Le spectre de la guerre hante toujours les Damascènes

Pour les habitants de la capitale, la peur des bombardements a laissé place à une peur de la pauvreté.

Des déplacés alépins squattent un appartement en cour de construction à Jaramana, près de Damas. AFP/Louai Beshara

Les canons se sont tus il y a plus d’un an à Damas. Mais pour Abdel Kader Kassem et les habitants de la capitale syrienne, la guerre, entrée dans sa dixième année, est loin d’être finie et ses séquelles ne cicatrisent pas.

Portant deux plants d’arbres d’une seule main, le quadragénaire boîte légèrement. Une manche de sa veste est enfoncée dans sa poche : il a été amputé de la main gauche. « C’est difficile pour moi d’oublier la guerre », confie ce vendeur de plantes. « Elle m’a pris ce que j’avais de plus cher : mon fils Mazen et ma main gauche », lâche-t-il.

Avec plus de 380 000 morts, le conflit en Syrie, déclenché avec la répression par le régime de manifestations prodémocratie organisées dès le 15 mars 2011, entre dans sa dixième année.

La guerre a ruiné le pays et jeté sur la route de l’exil plus de la moitié de sa population, plus de 20 millions de personnes.

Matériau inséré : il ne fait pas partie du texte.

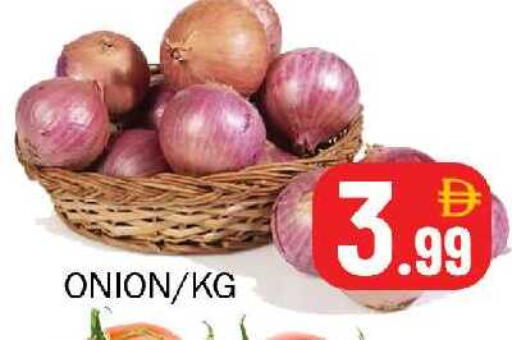 Onion available at Souk Al Mubarak Hypermarket in UAE - Sharjah / Ajman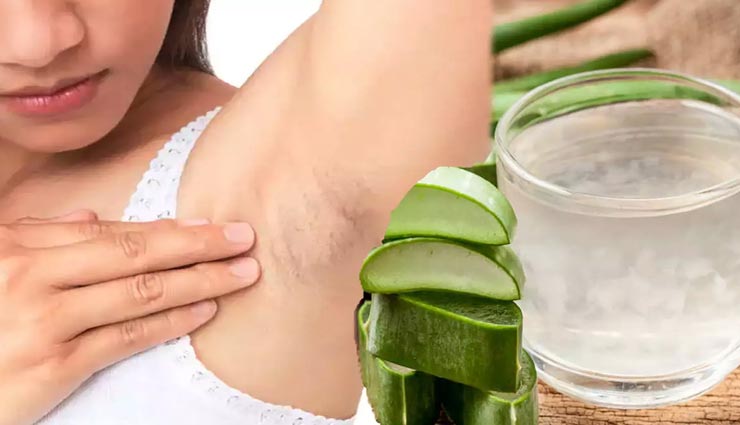 beauty tips,beauty tips in hindi,home remedies,dark underarms,underarms whitening remedies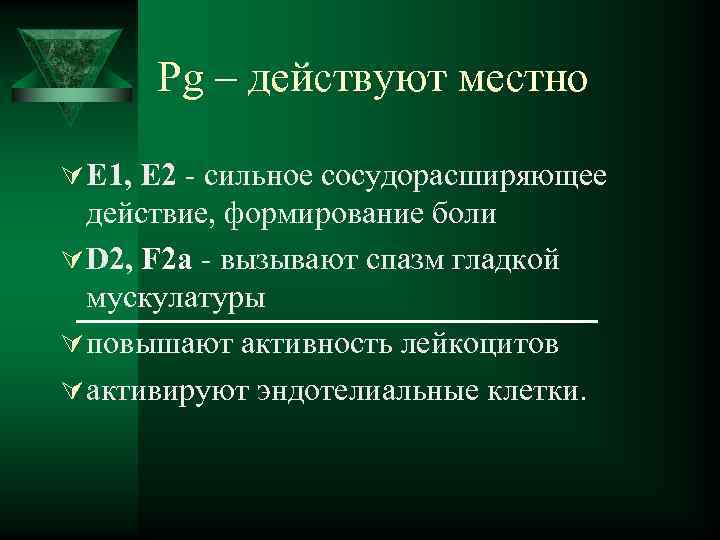  Pg – действуют местно Ú Е 1, Е 2 - сильное сосудорасширяющее действие,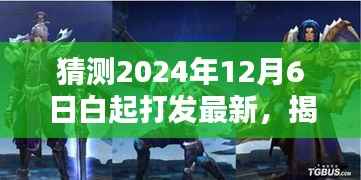 揭秘未來(lái)，預(yù)測(cè)白起打法新趨勢(shì)，2024年12月6日白起戰(zhàn)略最新解讀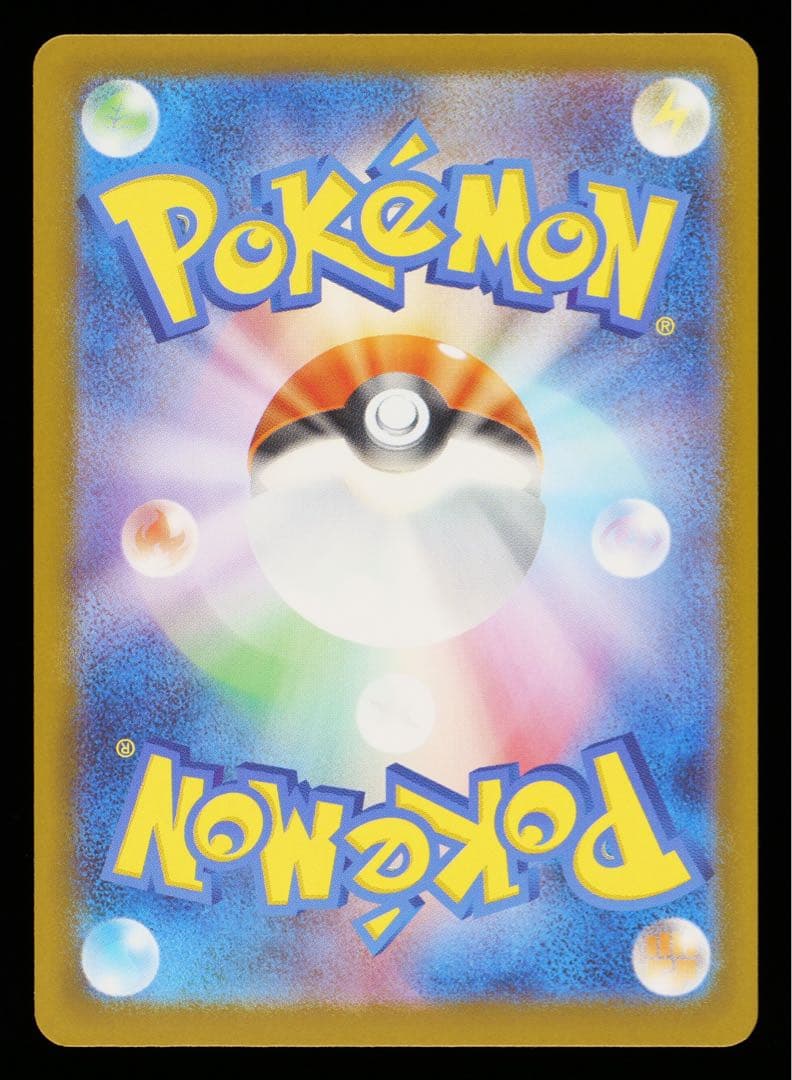 サ*ー様 gemix10BLACK ヒカリ SR106/080 最高評価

Souffrant d’une blessure permanente à la jambe, M. Kassem a perdu son fils et sa maison, et a été grièvement touché dans l’explosion d’une voiture piégée en 2013. « Pour beaucoup, la guerre à Damas est terminée », confie le quadragénaire, cigarette au bec. « Mais, pour moi, elle m’accompagnera jusqu’à la fin de mes jours », ajoute-t-il, derrière son présentoir garni de fleurs rouges, jaunes et rose.

Il gagne sa vie en vendant des plantes dans un souk de Damas. Après une commande, il place plusieurs plantes dans une caisse, puis s’assoit sur un tabouret, saluant les passants qui déambulent.

Si les offensives se poursuivent encore sur certains fronts en Syrie, Damas connaît depuis 2018 un calme relatif. Les forces gouvernementales ont délogé rebelles et jihadistes de ses quartiers périphériques et de sa proche banlieue, au terme d’un déluge de feu et d’offensives successives.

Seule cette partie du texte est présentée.